Earlier today Mike Henke asked if there was a way to generate a tag cloud from an RSS feed. While he was able to find a solution quick enough (Wordle), I thought it would be kind of fun to try this myself. I knew that Pete Freitag had already blogged on tag clouds and ColdFusion, so all I had to do was generate my word data and pass it to his code. Here's what I came up with.
I began with a simple call to my RSS URL to generate a query of data. For my testing, this was the only thing I cached. Obviously all of my "crunching" could have been cached.

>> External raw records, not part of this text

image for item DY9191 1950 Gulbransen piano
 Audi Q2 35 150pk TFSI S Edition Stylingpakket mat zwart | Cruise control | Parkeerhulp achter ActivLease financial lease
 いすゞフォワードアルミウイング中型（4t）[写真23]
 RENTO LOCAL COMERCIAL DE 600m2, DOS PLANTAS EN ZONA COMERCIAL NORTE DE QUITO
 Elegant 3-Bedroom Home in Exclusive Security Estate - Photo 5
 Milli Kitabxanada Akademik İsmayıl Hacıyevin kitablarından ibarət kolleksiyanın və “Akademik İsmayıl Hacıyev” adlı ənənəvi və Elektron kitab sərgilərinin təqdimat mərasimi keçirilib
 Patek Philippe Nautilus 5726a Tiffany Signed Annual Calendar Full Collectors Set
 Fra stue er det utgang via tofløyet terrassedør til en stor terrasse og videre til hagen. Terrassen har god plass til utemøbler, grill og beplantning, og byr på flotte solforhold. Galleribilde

<cfset rss = cacheGet("rss")>
<cfif isNull(rss)>
<cfset feedUrl = "http://feedproxy.google.com/RaymondCamdensColdfusionBlog">
<cffeed source="#feedUrl#" query="rss">
<cfset cacheput("rss", rss,createTimespan(0,1,0,0))>
</cfif>
Now for the fun part. In order to use Pete's code, I need to know each word and the number of times it appears. I began with an empty struct:
<cfset allwords = {}>
Next, I created a list of "stop" words, words I'd always ignore. (Note, this list was kind of arbitrary. Also note I added some spaces in the blog entry just so it would wrap better.)
<cfset stopwords = "and,this,the,a,it,as,was,to,don't,has,you, you're,you've,with,why,which,when,were,we've,we're, then,than,i,i'll,i'm,i've,i'd,it's,for,of,is,if,in,that,but,my,not,can,are,',done, off,their,isn't,yes,what's,them,they,'',be,being,all, only,does,here,an,by,would,like,at,do,want,or,could, out,our,while,what,had,each,into,where,That's,will,else, let's,about,got,using,before,over,actually,going,some,well">
I then split by word boundary and added them to the struct. Note that this word boundary also includes ' so I can match "don't". This is not perfect, but good enough.
<cfloop query="rss">
<cfset words = reMatch("[\w']+",bigstring)>
<cfloop index="w" array="#words#">
<cfif len(w) gt 1 and not listFindNoCase(stopwords, w)>
<cfif not structKeyExists(allwords, w)>
<cfset allwords[w] = 0>
</cfif>
<cfset allwords[w]++>
</cfif>
</cfloop>
</cfloop>
I had quite a few words, so I decided to remove all words with less than 5 instances.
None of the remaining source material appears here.